In an act of grand larceny, ex-Arsenal striker Thierry Henry – currently at Spanish giants Barcelona – handballed twice (the second time deliberately to control the ball), to set up France’s goal in a 1-1 extra time draw against the Irish in Paris this morning. France qualified for the World Cup at Ireland’s expense thanks to a 2-1 aggregate ‘win’ over two matches.


The referee and linesman failed to spot the handball despite Henry almost catching the ball at the back post before squaring to teammate William Gallas to score. Post-match, Henry decided to “be honest” (!!) and admit “the ball hit my hand” but “I am not the referee”. Who said cheats never prosper?

For the good of the game of football, this result cannot be allowed to stand.

FIFA needs to order this match to be replayed at a neutral venue. It’s an absolute disgrace and here in Australia, gives further ammunition to football’s critics to mock the game’s integrity.
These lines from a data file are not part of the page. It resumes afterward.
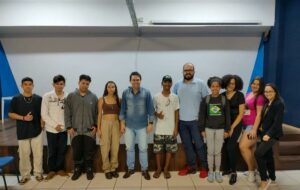 Prefeito conversa com jovens do Projeto “Caminho das Profissões”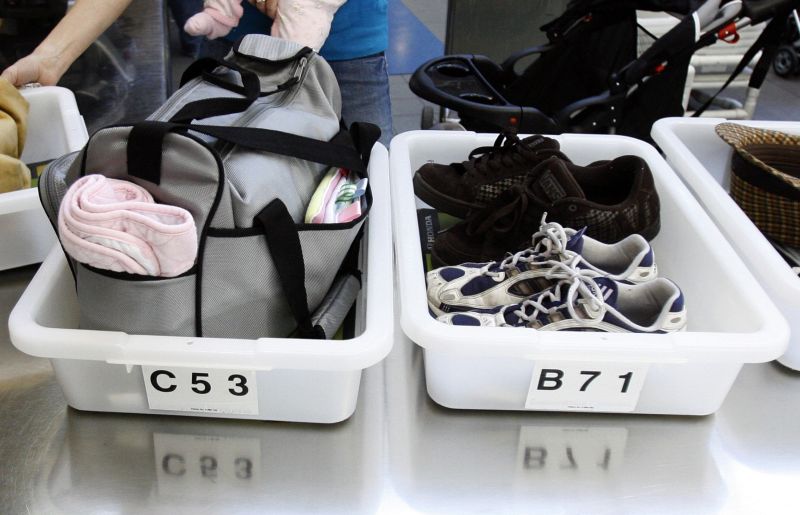 Avertisment de securitate: ATENȚIE la bombele ascunse în pantofi la AEROPORT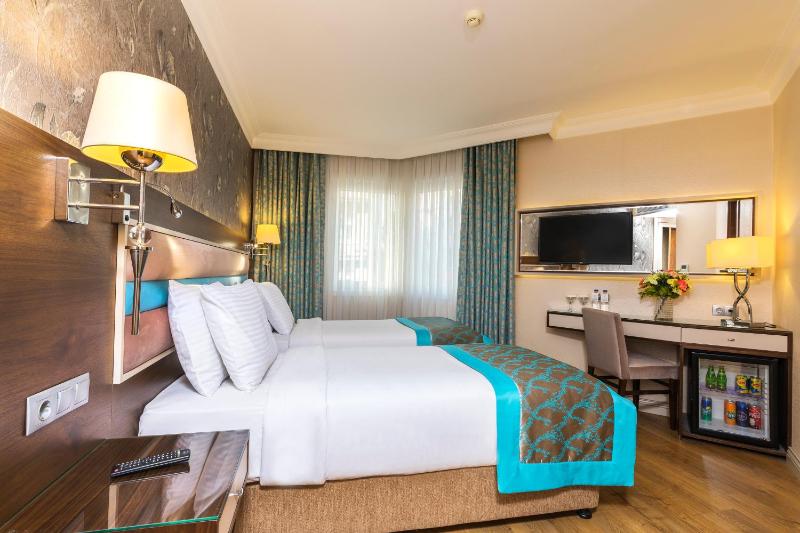 Standard Double or Twin Room image 3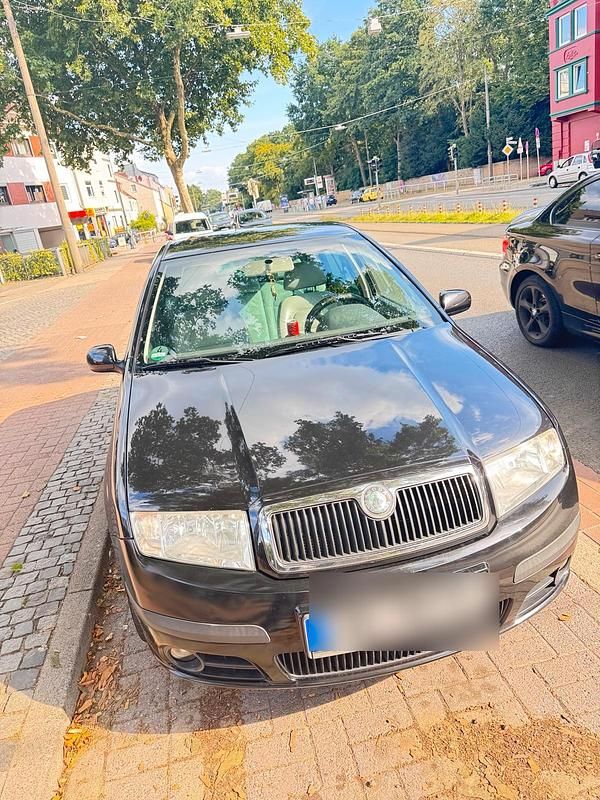 Schwarz Gebraucht 2008 Skoda Fabia Kleinwagen | 2.000 € (Fairer Preis) - Bild 1/4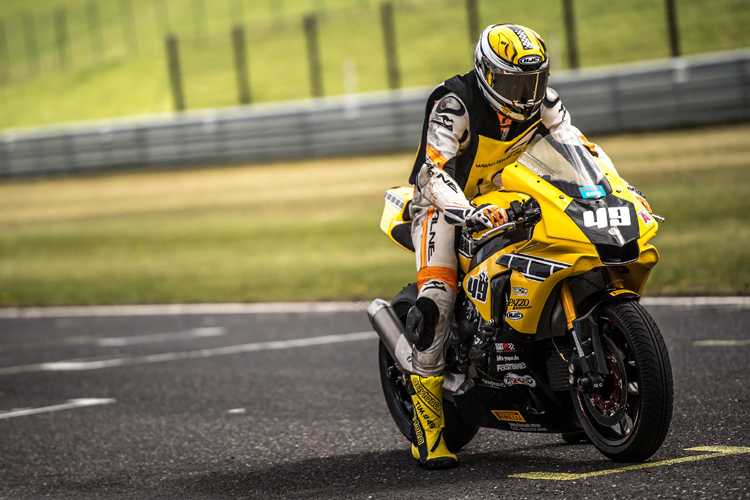 Tim Holtz versuchte es mit der Kombination aus Regenreifen und Slick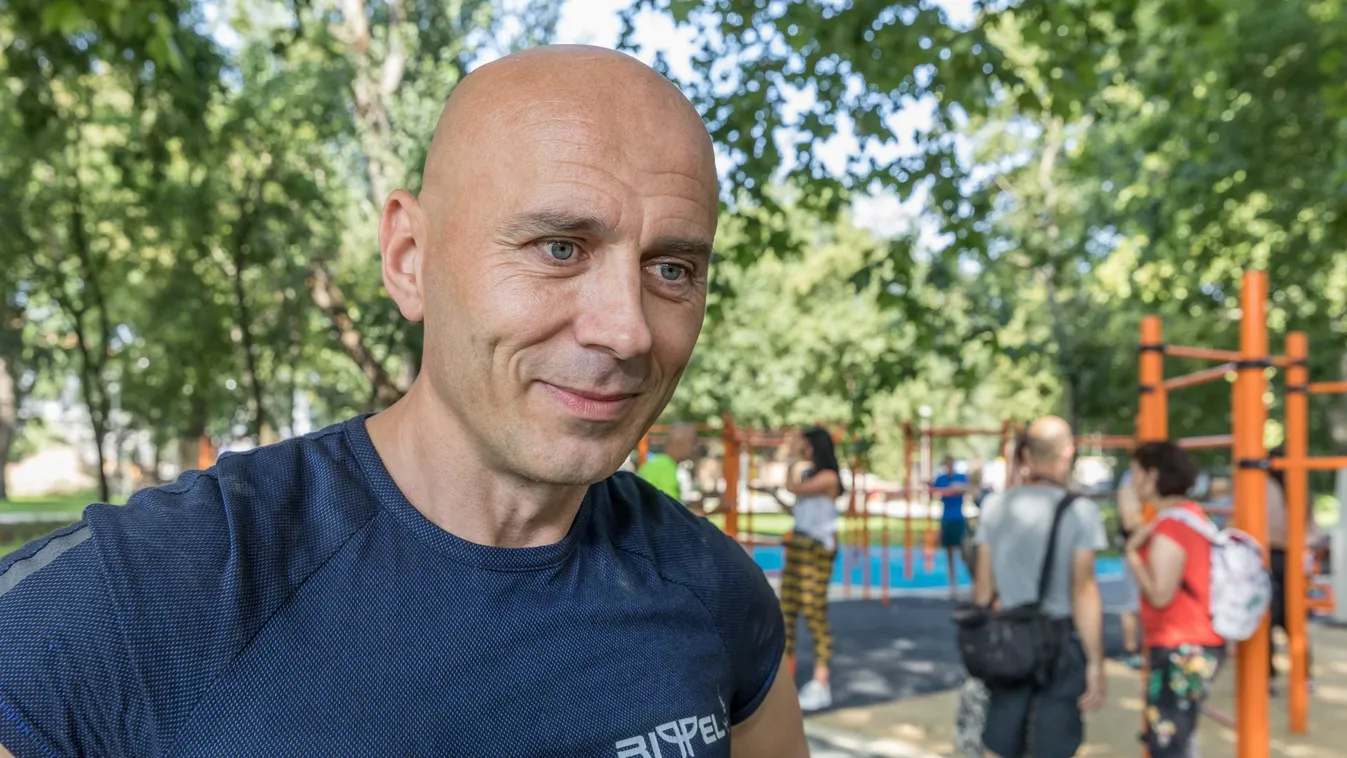 Tündéri fotók: Először mutatta meg a kamerák előtt kislányát a magyar sztár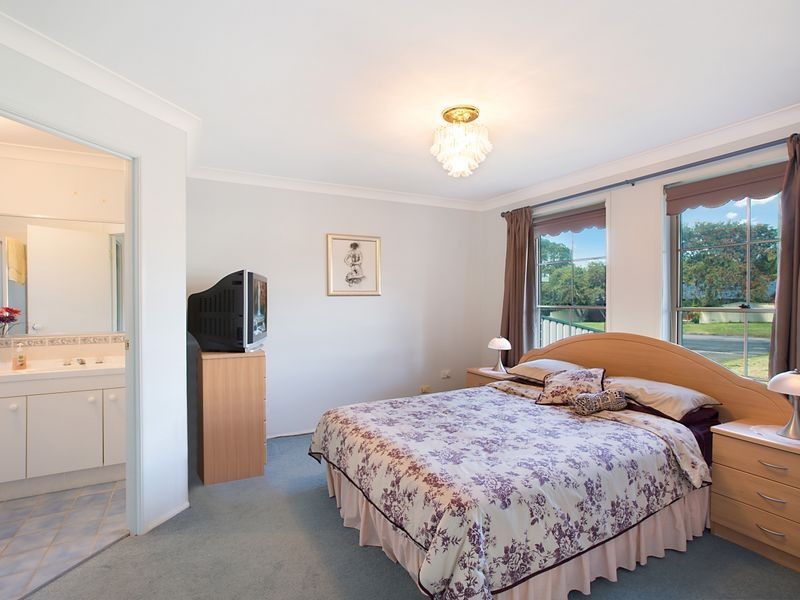 11 Balmoral Drive, Gorokan NSW 2263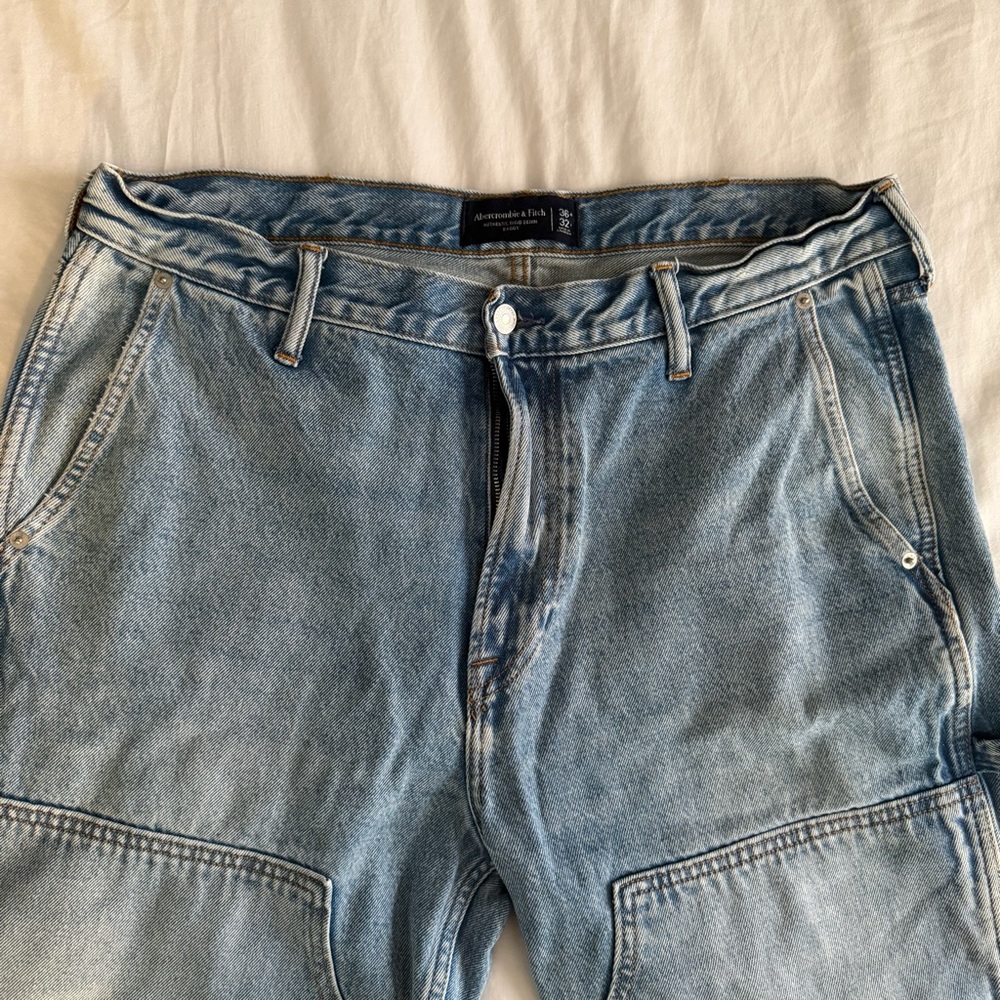 Abercrombie & Fitch Light Blue Relaxed Men's Jeans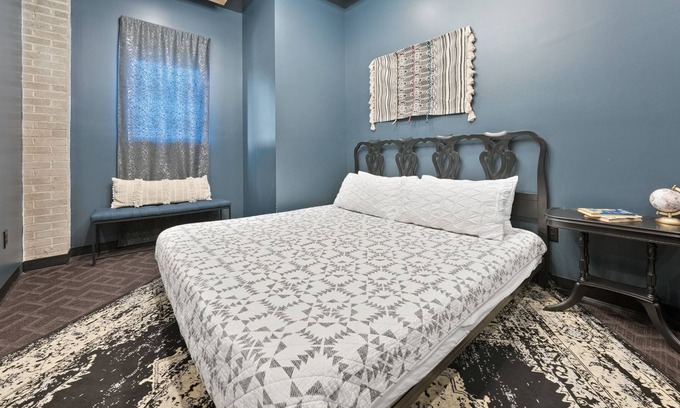 Middletown House | Modern boutique hotel in Torchlight Pass Revival District - indulge now! 303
Henry is a fantastic player but he’ll now be forever remembered as a cheat. Perhaps he should have a word with his former manager at Arsenal, Arsene Wenger, who offered to replay a 1999 FA Cup match against Sheffield United after a controversial winning Arsenal goal. Arsenal won that replay 2-1 but also won something far more important – the admiration of sports fans for their sense of decency.

Will the French manager, Raymond Domenech, follow his compatriot Wenger’s example and offer the Irish a replay? In the high financial stakes game of World Cup qualification, it’s doubtful. FIFA must intervene.

We’ve been here before, of course. Diego Maradona’s handball against England in the 1986 World Cup led to FIFA instigating a Fair Play campaign. It’s worthless if FIFA refuse to get some balls and order the French to replay the match.

This result sullies the game of football. If not addressed, it’s tempting to forget about football. What’s the point if this kind of cheating behaviour is rewarded at the supposed pinnacle of the sport?